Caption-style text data

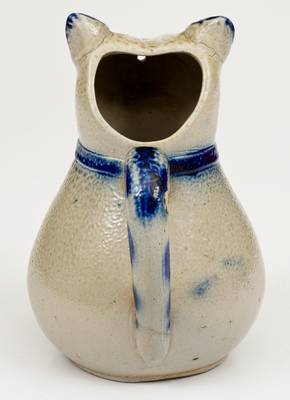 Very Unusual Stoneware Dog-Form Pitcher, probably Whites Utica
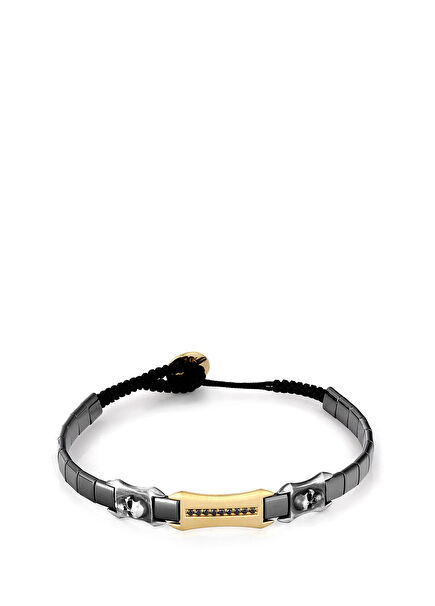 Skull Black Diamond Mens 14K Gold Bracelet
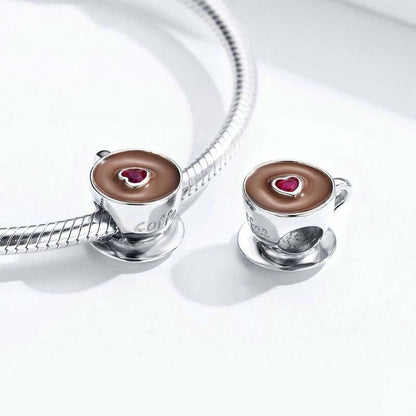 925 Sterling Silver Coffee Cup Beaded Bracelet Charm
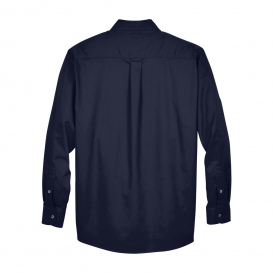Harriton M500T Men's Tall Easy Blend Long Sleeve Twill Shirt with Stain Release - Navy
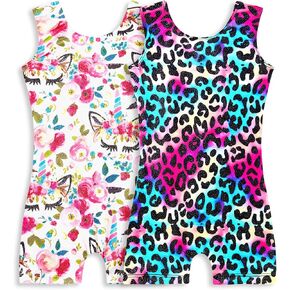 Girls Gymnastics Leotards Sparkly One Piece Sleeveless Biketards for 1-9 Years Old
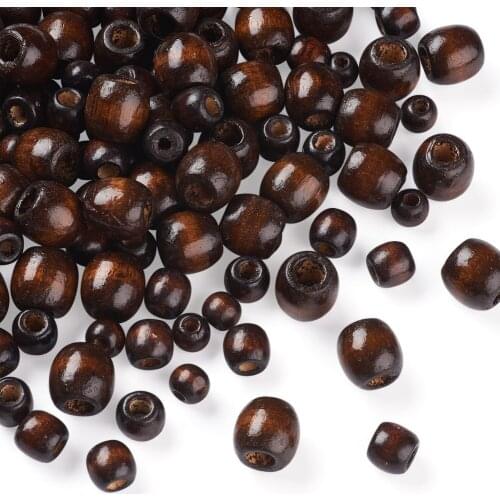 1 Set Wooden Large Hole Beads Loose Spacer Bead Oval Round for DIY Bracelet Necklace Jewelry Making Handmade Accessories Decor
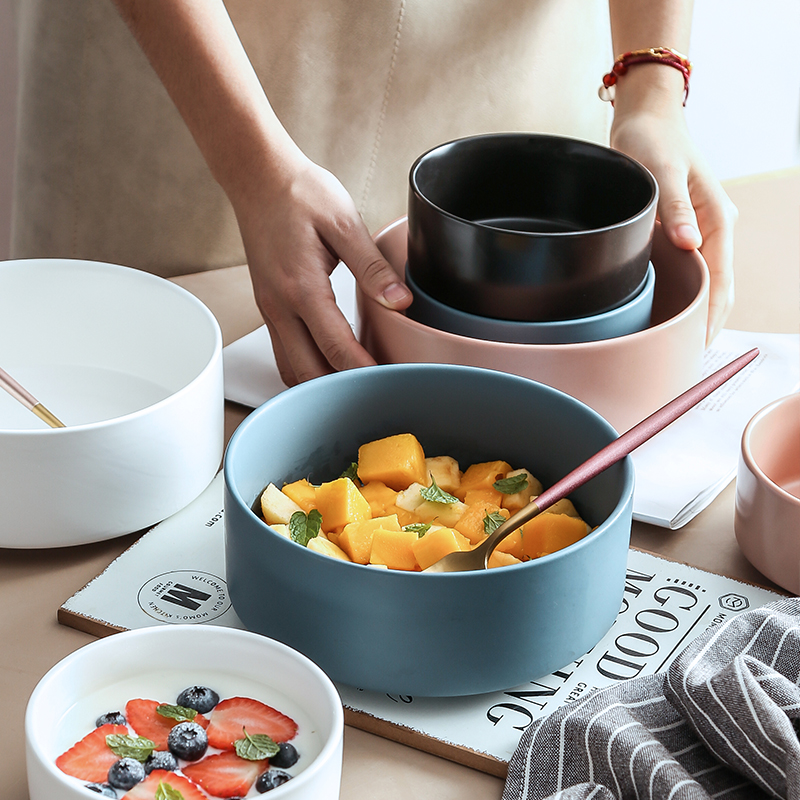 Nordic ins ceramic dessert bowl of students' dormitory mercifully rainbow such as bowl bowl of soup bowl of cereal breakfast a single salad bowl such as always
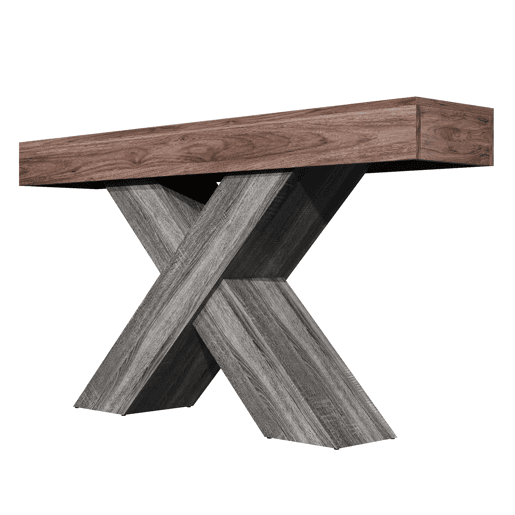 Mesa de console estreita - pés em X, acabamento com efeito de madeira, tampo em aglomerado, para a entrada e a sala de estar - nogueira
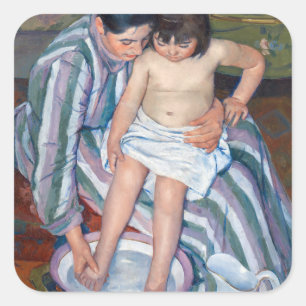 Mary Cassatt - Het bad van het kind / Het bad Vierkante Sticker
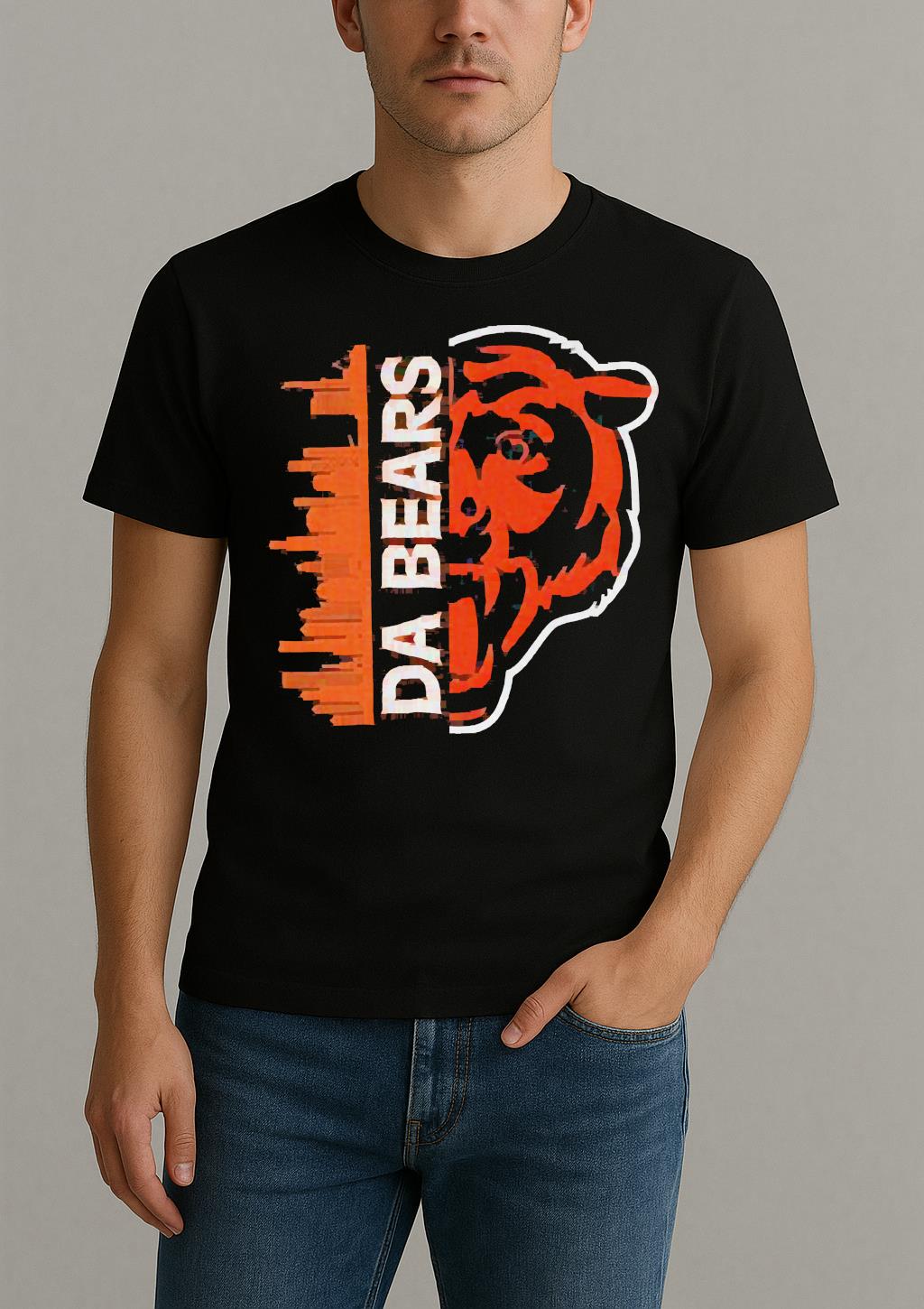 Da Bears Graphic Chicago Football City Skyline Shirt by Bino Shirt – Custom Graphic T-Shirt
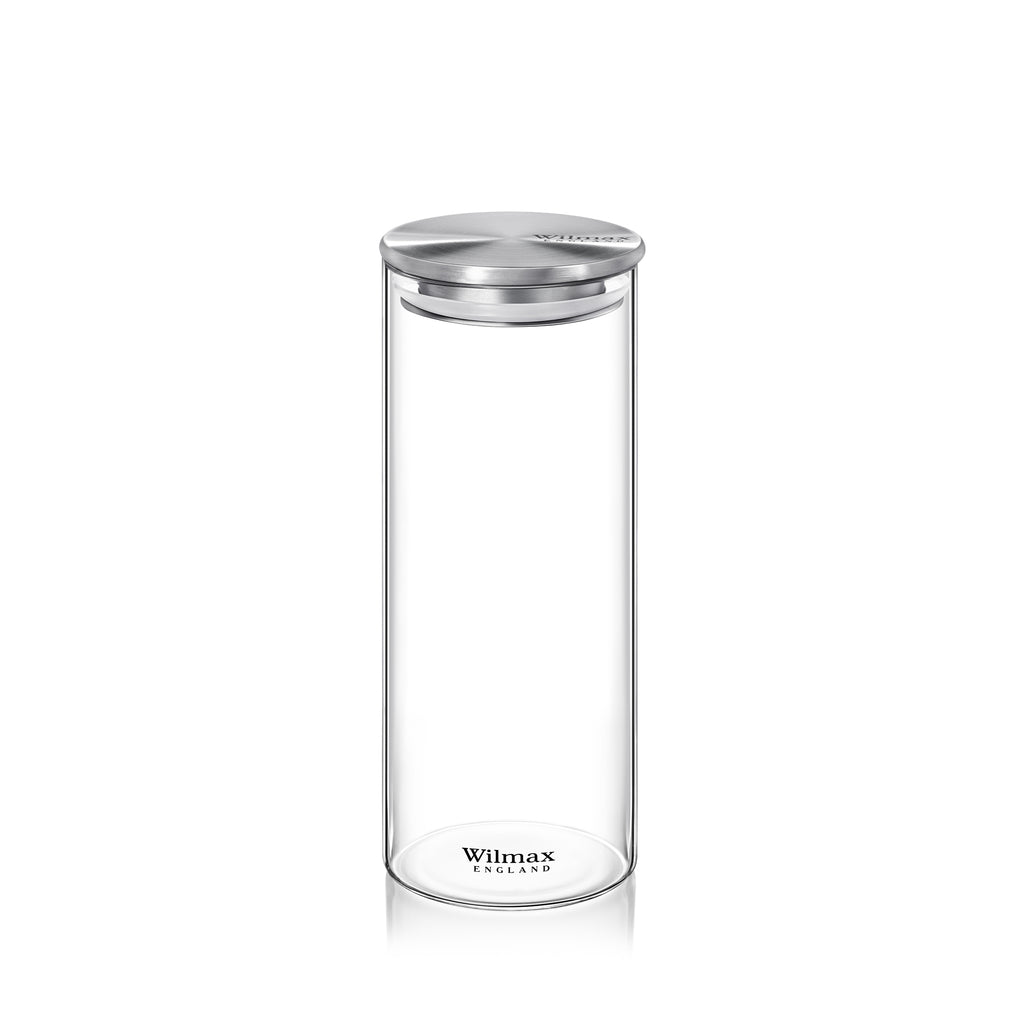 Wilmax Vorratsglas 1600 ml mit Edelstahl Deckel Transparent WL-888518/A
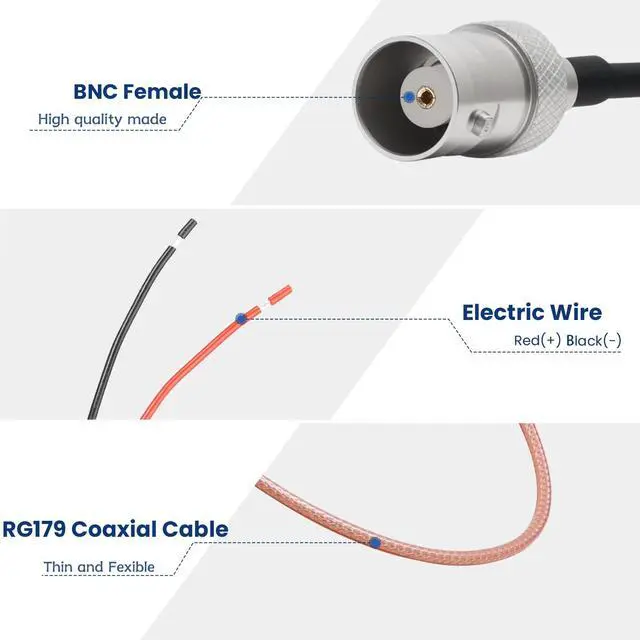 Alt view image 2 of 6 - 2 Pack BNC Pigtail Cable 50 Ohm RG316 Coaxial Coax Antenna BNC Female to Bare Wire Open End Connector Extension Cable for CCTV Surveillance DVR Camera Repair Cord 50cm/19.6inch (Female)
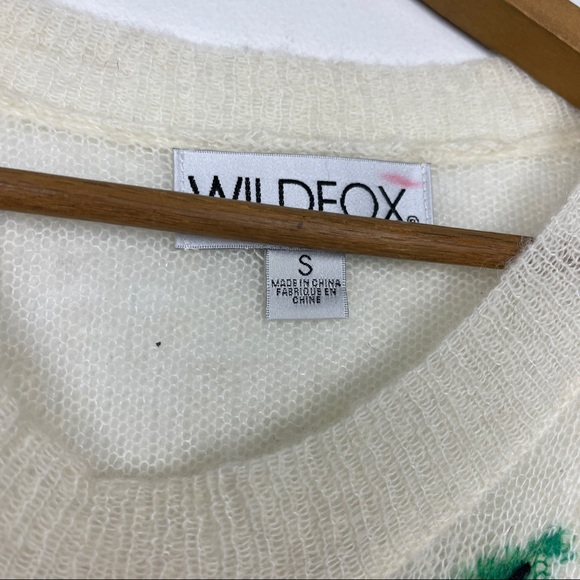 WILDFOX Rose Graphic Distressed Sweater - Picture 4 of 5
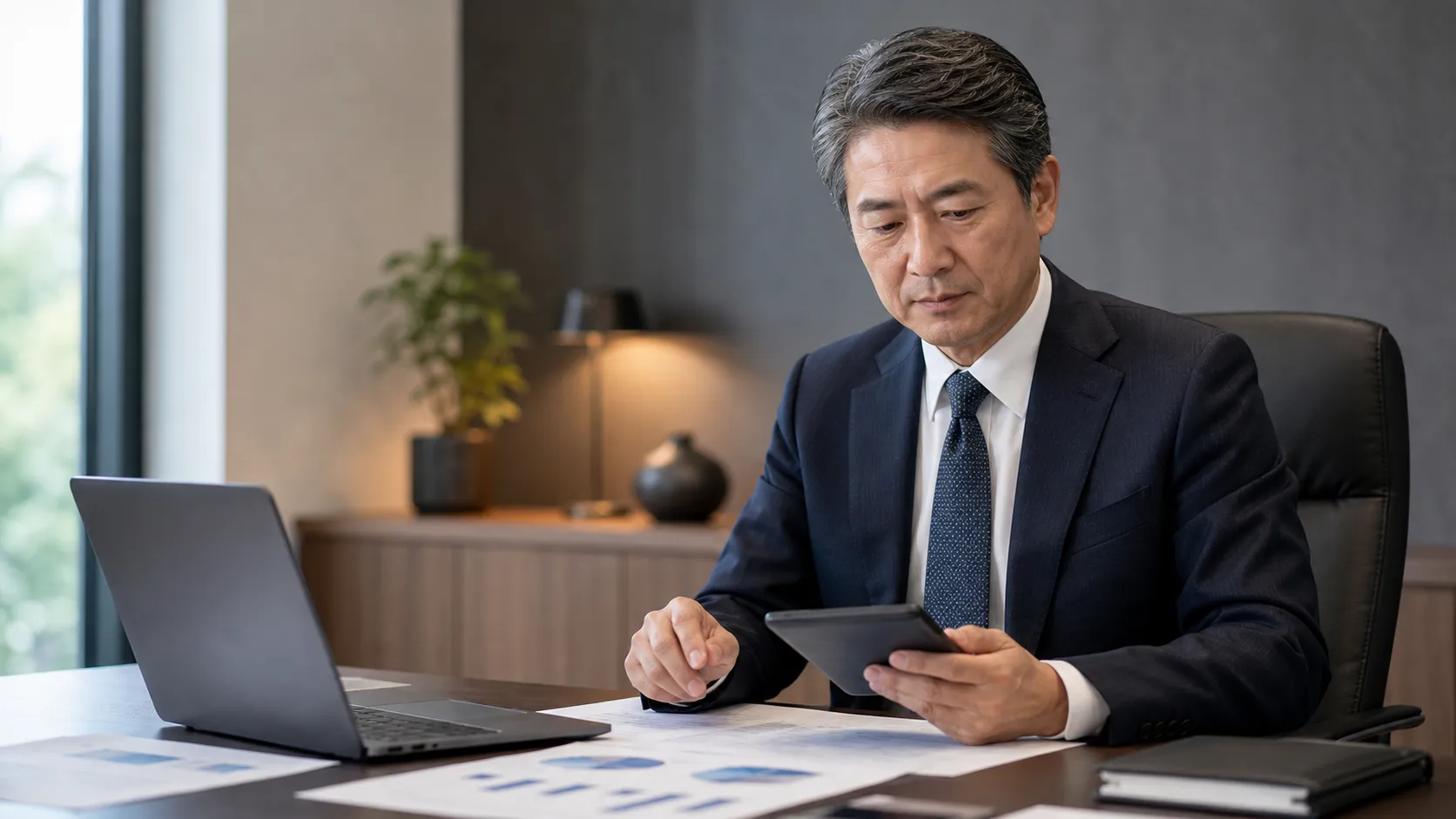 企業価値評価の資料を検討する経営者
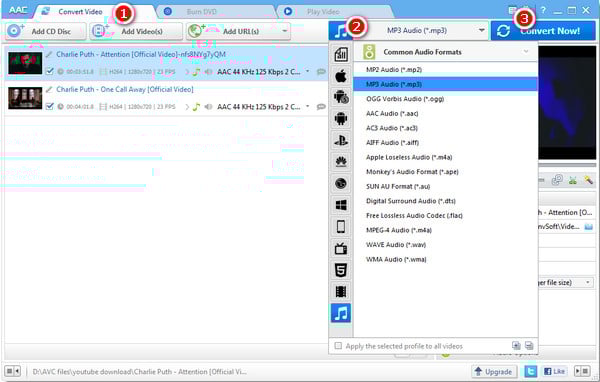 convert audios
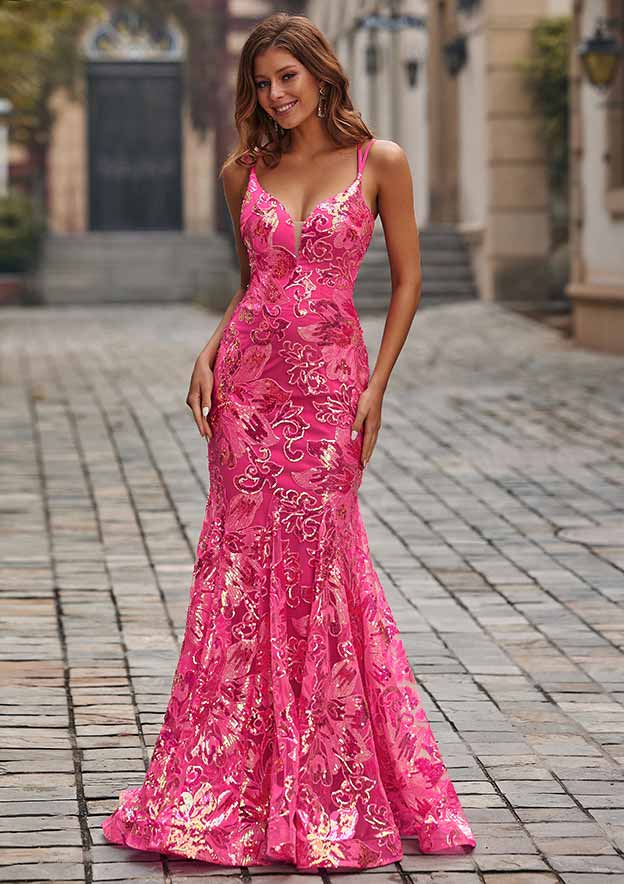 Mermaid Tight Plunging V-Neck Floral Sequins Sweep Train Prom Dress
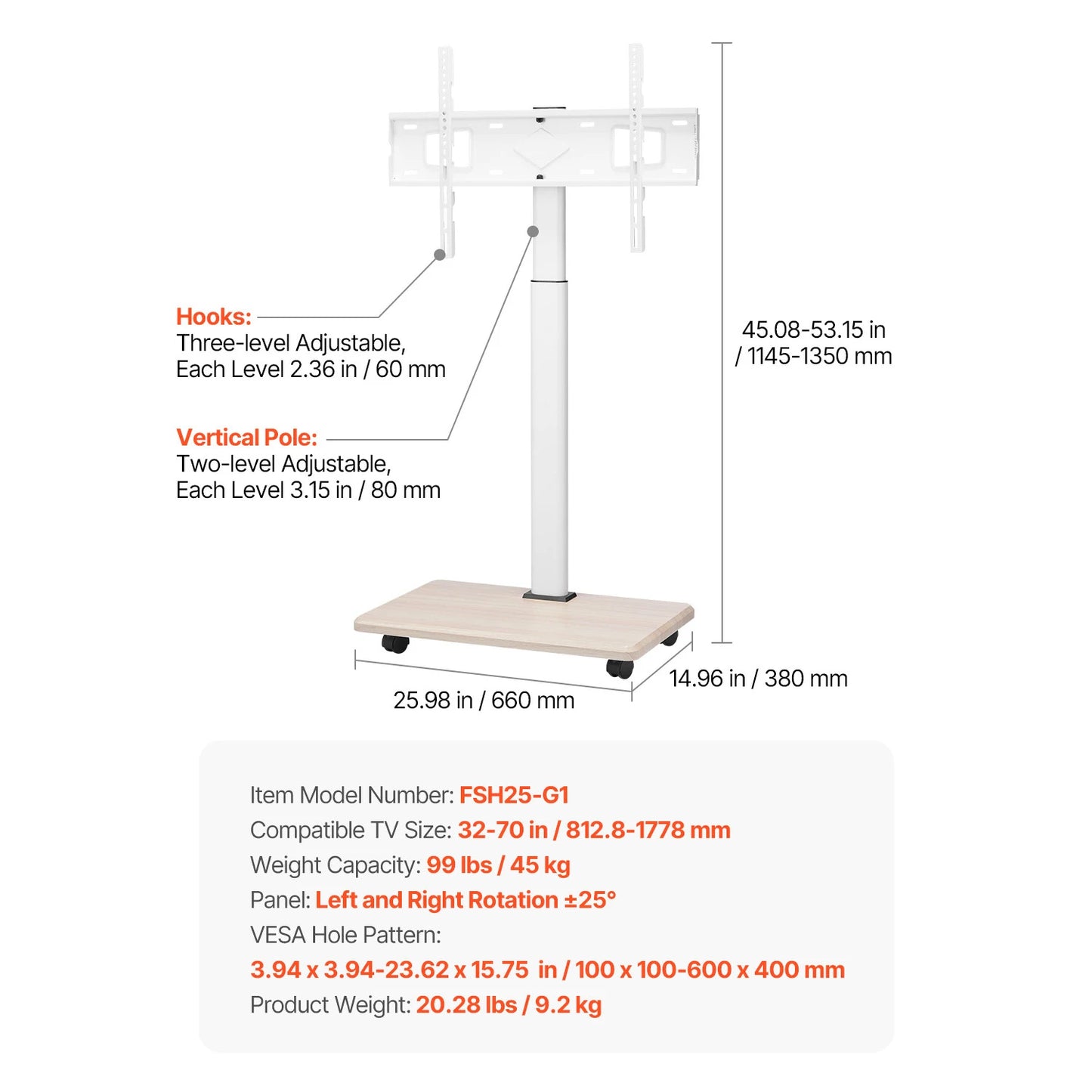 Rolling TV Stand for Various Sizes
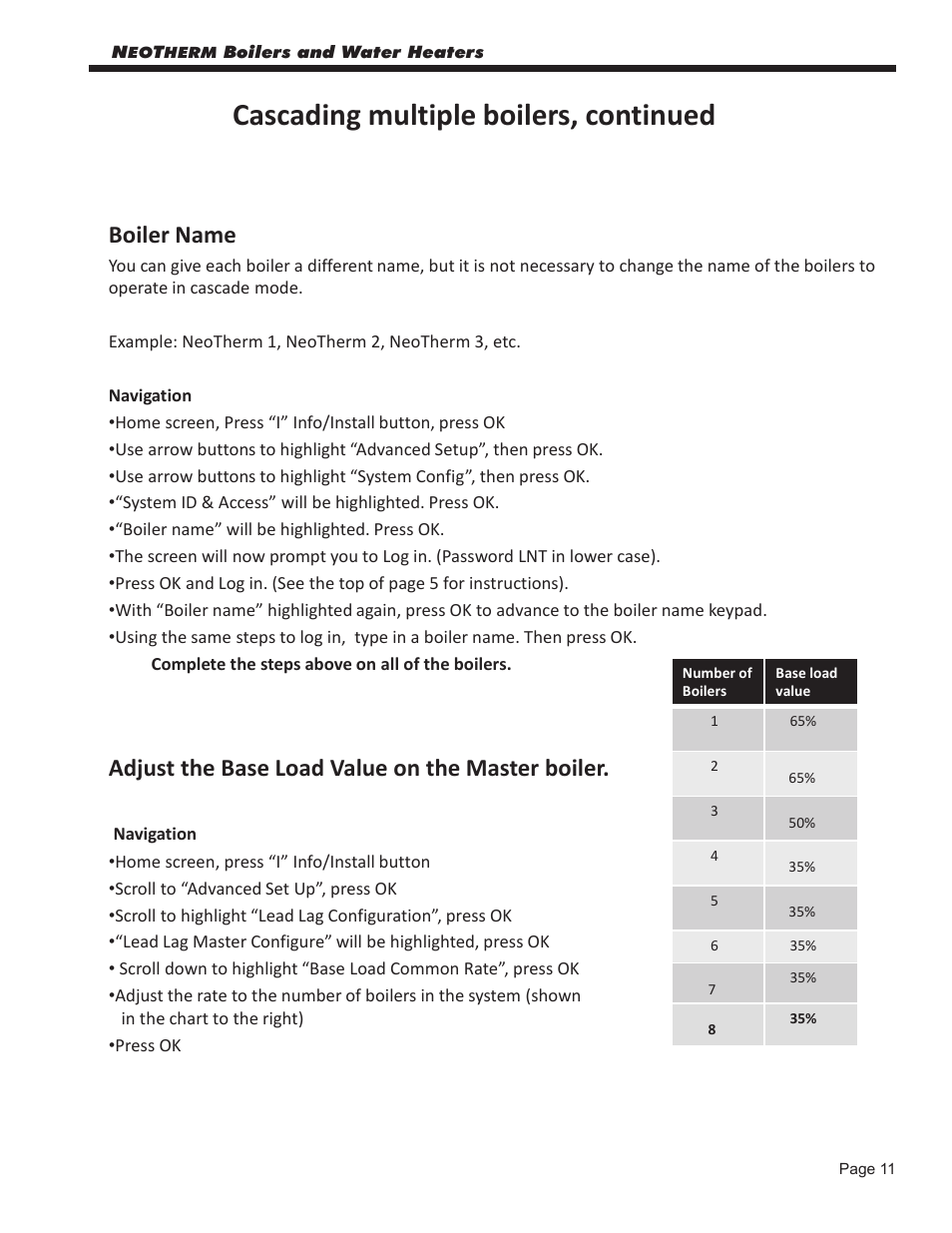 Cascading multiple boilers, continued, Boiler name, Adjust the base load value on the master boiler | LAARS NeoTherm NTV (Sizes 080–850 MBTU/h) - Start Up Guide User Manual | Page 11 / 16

**What you are asked to do:**
Starting at the line that contains "Mermaid Tight Plunging", write out every line through the end of the entries above exactly, and omit the pictures.

**Response for this exercise:**
 Mermaid Tight Plunging V-Neck Floral Sequins Sweep Train Prom Dress
 Rolling TV Stand for Various Sizes
 Cascading multiple boilers, continued, Boiler name, Adjust the base load value on the master boiler | LAARS NeoTherm NTV (Sizes 080–850 MBTU/h) - Start Up Guide User Manual | Page 11 / 16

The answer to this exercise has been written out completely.